Optimize Your Images
Facebook ads all include images, which isn’t something you get with most other PPC networks, specifically networks like AdWords. Picking the right images and optimizing them properly is critical to visual success.
- Keep within Facebook’s 20% text rule. You don’t want to have to fight with them to get your ad through.
- Use images of the proper size and shape. Portrait-style images don’t utilize all of the space available to you.
- Scale your images down. When Facebook gives you 144×72 pixels for an ad, you don’t need to upload a 1200×600 image for that space. It just gets downscaled and looks identical, or perhaps worse, than if you sized it yourself.
- Use a color scheme that stands out. Avoid the same blues, blacks, whites and grays that Facebook uses. Something bright and colorful will draw the eye naturally.
- Show what the user is getting, or the results of what they would be getting if your product is more abstract. Happy people work well here.
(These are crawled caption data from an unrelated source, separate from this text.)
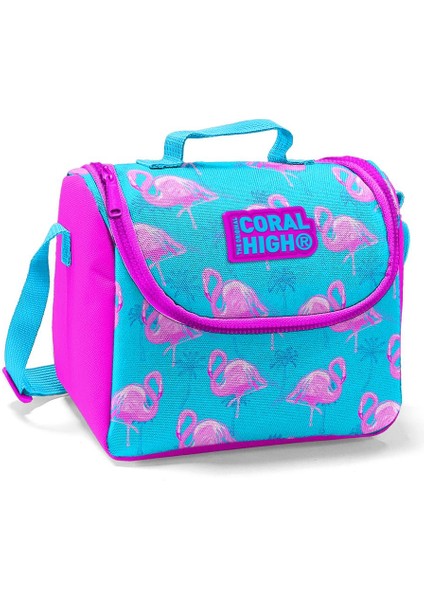 Kids Açık Mavi Thermo Beslenme Çantası 22735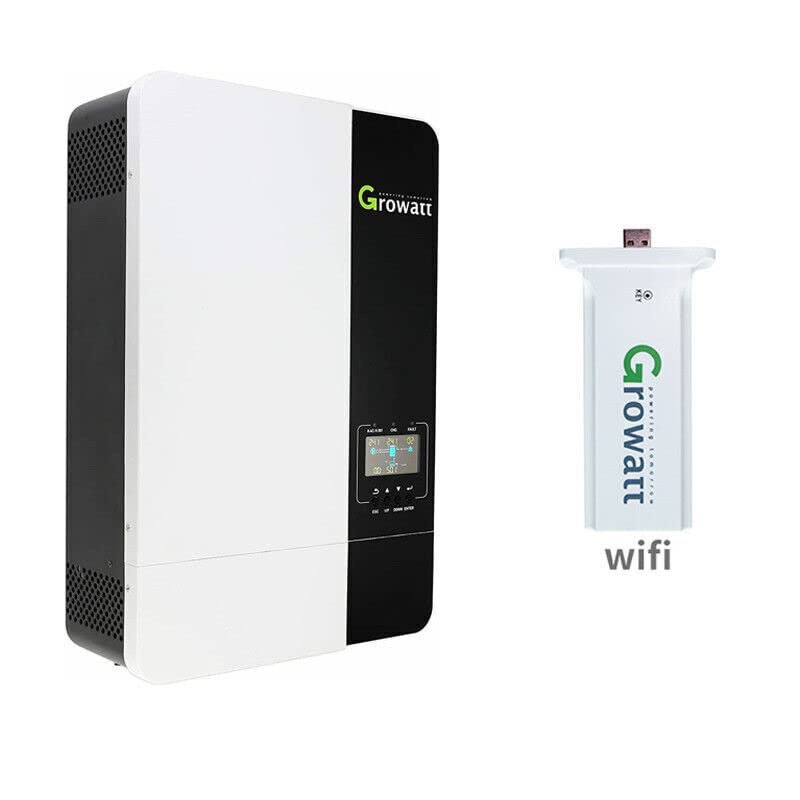 Scomb Buy Talmage Scomb Inverter 5KW 48V 220V Hybrid Solar Inverter Off Grid ...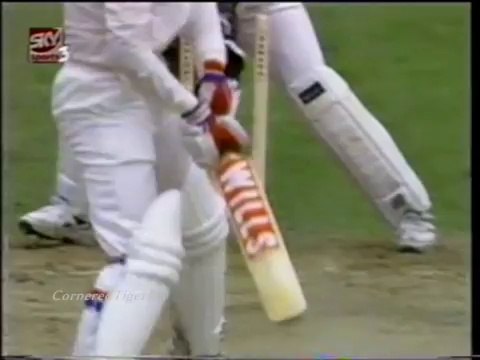 Saqlain Mushtaq DOOSRA TOP SPINNER Vs Rahul Dravid 1996 Toro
You can also use a logo, if your logo carries the cachet you want to portray.
- Test different images with the same targeting options, copy and landing page, to see which works better. There’s no shame in changing up your image to something a little more pandering, if it makes you a profit.
Use UTM
UTM parameters are variables you can add to a URL. You’ll see something like www.example.com/blog-post-title/?utm_mediuim=link&utm_source=facebookadgroup1&utm_campaign=blogpostpromotion. It looks messy, but it gives Google Analytics a bunch of data to track the people who click that ad. By using parameters, you can track who comes to your ad from which sources, using which ads, and what they do on your site.
There’s a lot to learn about properly using UTM parameters, but it mostly comes down to actually using them. Specify each variable, add the parameters to the URL using Google’s URL builder, and share the URL with the parameters rather than a bare URL.
Use (Or Test) Optimize CPM
Facebook offers a unique type of optimized CPM, which allows you to spread your ad budget around in the most effective way possible. Rather than trusting yourself to choose all of your targeting options optimally, Facebook’s OCPM gives Facebook that control. You still control all the targeting options you normally do, but within the audience you choose, Facebook then steps in and choose the most likely people to convert first and displays the ad to them preferentially. Used properly, it can dramatically increase your conversion rate with the same budget.
Segment Mobile and Desktop
People browsing on mobile and people browsing on desktop behave differently. Mobile users tend to click links and ads more often, but less intentionally. This means that desktop clicks tend to be more valuable. Try to run two different campaigns, to segment them.
The primary reason for this is when using OCPM. Facebook will see that you receive a lot of clicks from mobile users and will preferentially spend your budget on mobile viewers, even when those clicks are comparatively less valuable.
Avoid Common Mistakes
There are a number of mistakes people make constantly with Facebook ads, and they can cost you money. Rather than make those mistakes yourself, learn from the experiences of others and skip the wasted time, effort and money.
Mistake #1: Targeting non-fans. Unless you’re specifically targeting your ads with a lookalike audience to get more Facebook followers, you’re not doing yourself a favor when you target non-fans. Fans are already interested and are as much as four times more likely to convert.
Mistake #2: Not testing. Always be testing, whether it’s a change in image, a change in copy, a change in landing page, a change in headline or a change in audience targeting. Testing is what makes the advertising world go ‘round.